As grounds for the request for restitutio in integrum the following was submitted by the Appellants:

Shortly before the decision of 27 March 1991 by the Opposition Division, the patentees declared themselves prepared to give the opponents a right of co-use of the invention, under certain conditions. For reasons not understood by the Appellants, such an agreement was however never reached. The Appellants had neither seen any concrete steps by the patentees to have the patent lapse as they had been led to believe. This caused the Appellants to use the communication of 9 April 1992 to request restitutio in integrum.

Reasons for the Decision

1. The request for restitutio in integrum is admissible.

2. The Notice of Appeal and the appeal fee were submitted within the stipulated time limit under Article 108 EPC. As however the Statement of Grounds was submitted out of time, the question whether or not the appeal is admissible depends on the outcome of the request for restitutio in integrum.

3. Article 122 EPC on restitutio in integrum contains two fundamental requirements: The applicant or proprietor (or as in the present case the opponent, cf. G 1/86, OJ EPO 1987, 447) must establish that he was 1) unable to observe a time limit, 2) in spite of all due care required by the circumstances having been taken.

4. The Appellants' reasons for not filing any Statement of Grounds are that they had expected an agreement with the proprietor, which however did not come about.

The first condition under Article 122 EPC explicitly states that the party in question must have been unable to observe the time limit. The word "unable" (in the French version "n'a pas eté en mesure", and German version "verhindert worden ist") implies an objective fact or obstacle preventing the required action. Such an obstacle could e.g. consist of a wrong date inadvertently being entered into a monitoring system, or an outside agency influencing the observance of the time limit (for example a delay in delivery service). Only when such a fact made the party unable to observe the time limit would the circumstances of the case be examined as to the second condition "in spite of all due care".

Restitutio in integrum is an extraordinary means of judicial remedy. It offers no choice to a party as a substitute for the proper action to be taken, nor does it imply any right to have the fatal effect of an intentional step cancelled, even if this step later on proved to have been a mistake. A party thus cannot deliberately abstain from fulfilling the conditions for a valid appeal, and then achieve an appellate review through the back door of a restitutio request. The party in question must have been objectively unable to observe the time limit.

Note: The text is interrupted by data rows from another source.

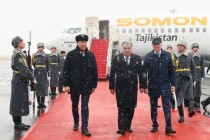 وصول رئيس جمهورية طاجيكستان إمام علي رحمان  إلى مدينة أستانا بجمهورية كازاخستان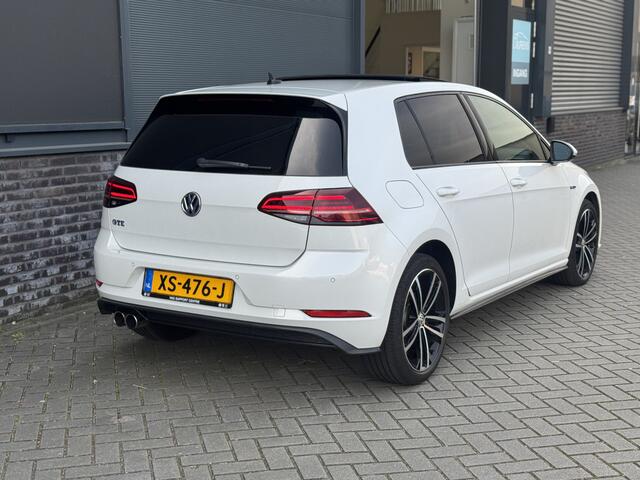Volkswagen GOLF GTE 1.4 TSI PHEV | Pano | Leder | Stoelverw.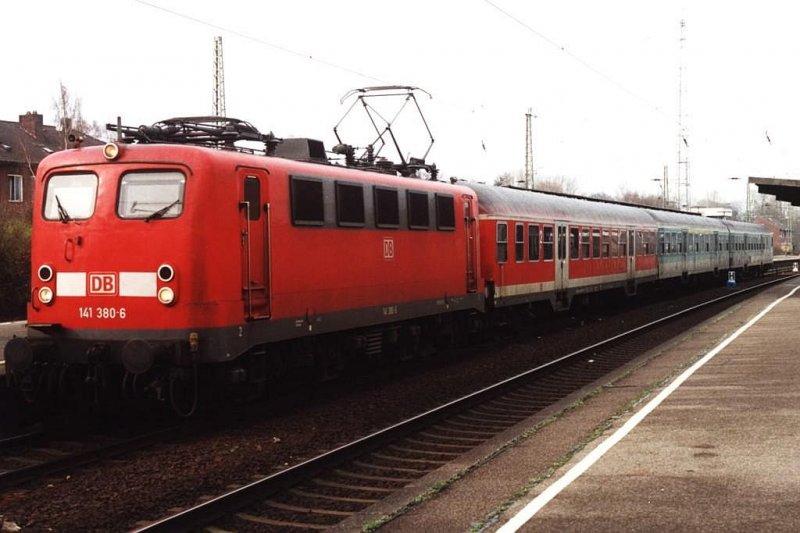 141 380-6 mit RB 33 Rhein-Niersbahn 96899 Wesel-Mnchengladbach auf Bahnhof Wesel am 01-04-2000. Bild und scan: Date Jan de Vries.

The Appellants of the present case however chose not to file any statement of grounds. The reason given, that the counterparty was not behaving as expected, is irrelevant, as it would not have objectively prevented the Appellant from filing file a statement of grounds within the time limit given by the EPC. Thus, the Appellants have not fulfilled the first condition under Article 122 EPC of being unable to observe a time limit.

The request for restitutio is therefore refused.

5. This decision has been taken without any prior communication from the Board, having regard to the nature of the ground referred to by the Appellants. No subsequent evidence or elaboration on this ground could heal the above deficiency.

6. As the Statement of Grounds, given the above refusal, has to be considered as not filed on time, the appeal must be declared inadmissible.

ORDER

For these reasons, it is decided that:

1. The request for restitutio in integrum is refused.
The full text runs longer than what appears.